A Little Birdie Told Me

By Tracy E.

During the Super Bowl, with 13:22 left in the third quarter, the lights went out in the New Orleans Superdome.  The TV was quiet, since the newscasters electronic equipment wasn’t working.

The Super Bowl was dark and no one knew why.  The first thing I did was go on Twitter.  And it wasn’t just me – apparently, in the thirty-five minutes of #lightsout Super Bowl, Twitter reported 231,500 tweets per minute.

Social media has changed how we get the news, how we respond to the news, and how we create the news.  In fact, for all the millions of dollars spent on Super Bowl commercials, arguably the best ad of the night was a tweet.   Within minutes of the blackout, the team at Oreo Cookies posted a graphic to Twitter with the tweet “No problem.  You can still dunk in the dark.”  As of now, the tweet has since been retweeted by 15,283 users – 10,000 retweets were in the first hour.

The pervasive impact of social media on our culture and our society is apparent.  But what about social media’s impact on law and our legal system?

In Steubenville, Ohio, members of a high school football team allegedly raped an underage girl and possibly urinated on her body over the course of one evening last August.  The young men involved used social media to memorialize the night – tweeting updates, posting on each other’s Facebook walls, and uploading videos to YouTube.  Everything that was uploaded to the Internet was taken down soon after.
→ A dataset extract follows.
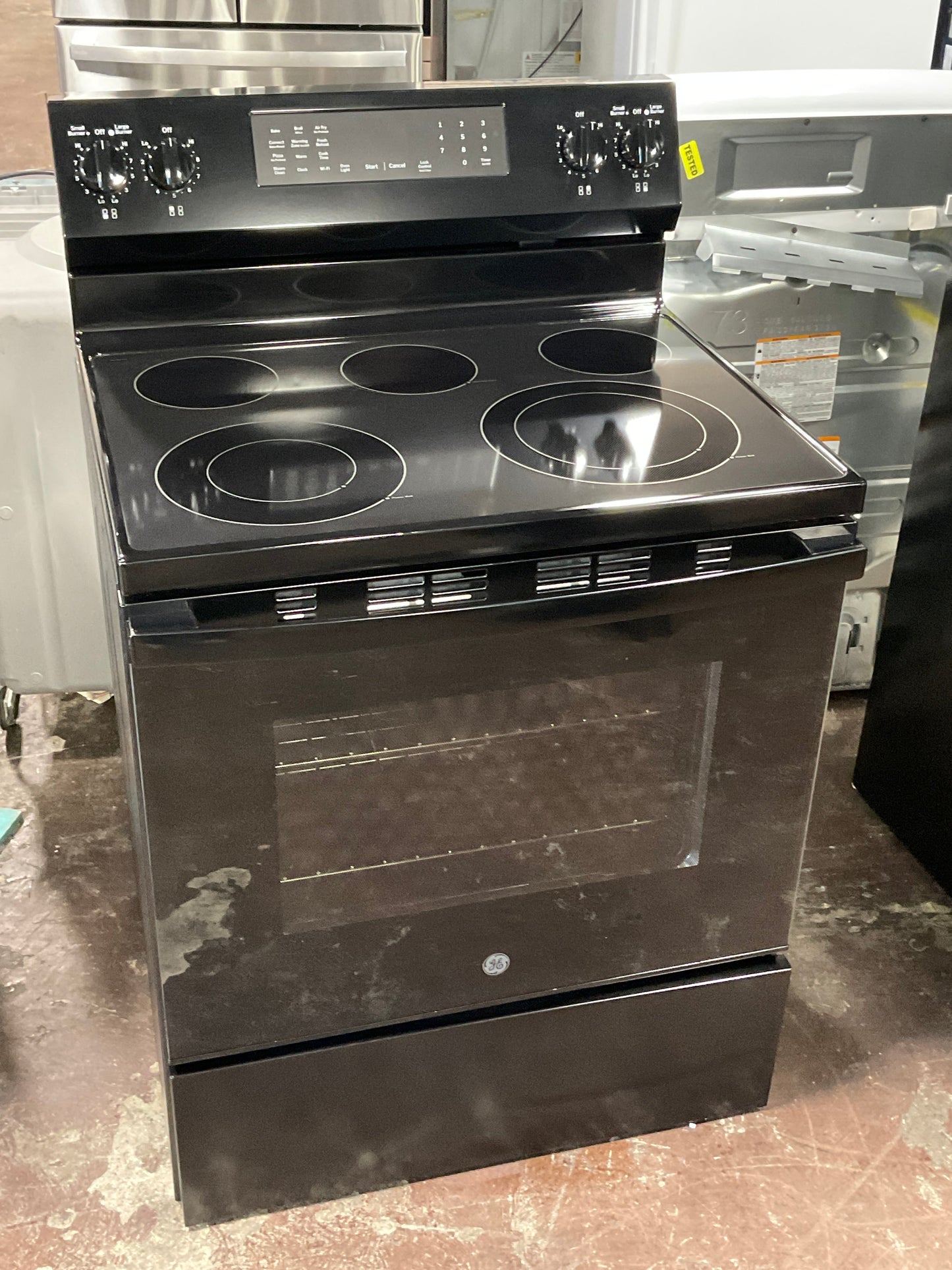 GE® ENERGY STAR® 30" Free-Standing Electric Convection Range with No Preheat Air Fry and EasyWash™ Oven Tray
However, before the high schoolers could entirely erase their social media footprint, local crime blogger Alexandria Goddard took screen shots of everything these boys had posted online. These images have not only been published to Goddard’s own website (which led to Goddard being sued for defamation, charges that have since been dropped), but they have also become the foundation of the prosecution’s evidence in a rape case that has been brought on the victim’s behalf.
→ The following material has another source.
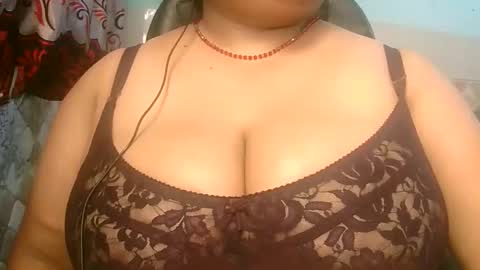 rakhi33888 online show from November 4, 2025, 5:01 pm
The case really gained public attention not because of the crime itself, but because of the town’s response to the crime, and to Goddard’s blog posts.  Many Steubenville locals in this football-crazy town criticized Goddard and the victim for bringing negative attention to their football team.  Recently, the cyber activist (hack-tivist) group Anonymous leaked a twelve-minute video filmed by team members hanging out together immediately after the crime took place, while the victim was still in a room nearby and the crime was still in progress.
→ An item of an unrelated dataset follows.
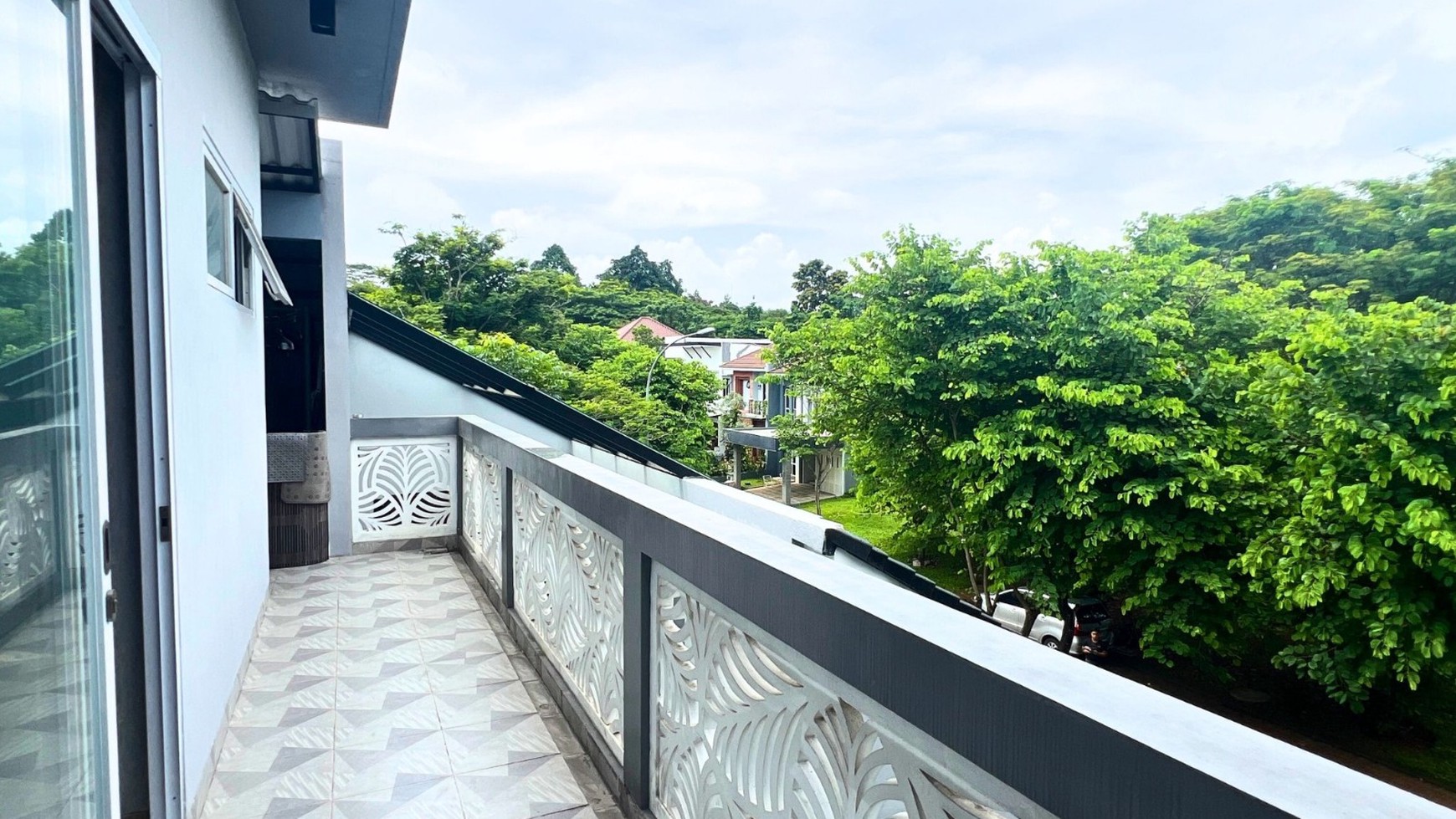 Rumah High Ceiling 3 Lantai Dengan Kolam Renang di Foresta Bsd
The backlash against the town’s initial reaction has been intense.  In fact, an attorney for one of the defendants in the case asked for a change in venue given the case’s publicity, citing media attention and an explosion in online postings.  The request for change of venue was denied.

A trial date has been set for March 13.  The judge recently decided that the media will be allowed in the courtroom for the trial proceedings, a decision otherwise unusual for such a personal crime, but, in this case, quite fitting.

This post is not simply about the shocking nature of the crime and the football-crazy town’s need to protect their sport, but also about the tremendous role that social media has played in this story from the beginning.

Social media exposed the crime, and social media will be used against the criminals.  And all because a little birdie told Alexandria Goddard that a rape had been committed in her hometown.  It will be very interesting to see how the trial plays out – I’m sure I’ll be reading about it online.  Tweet tweet.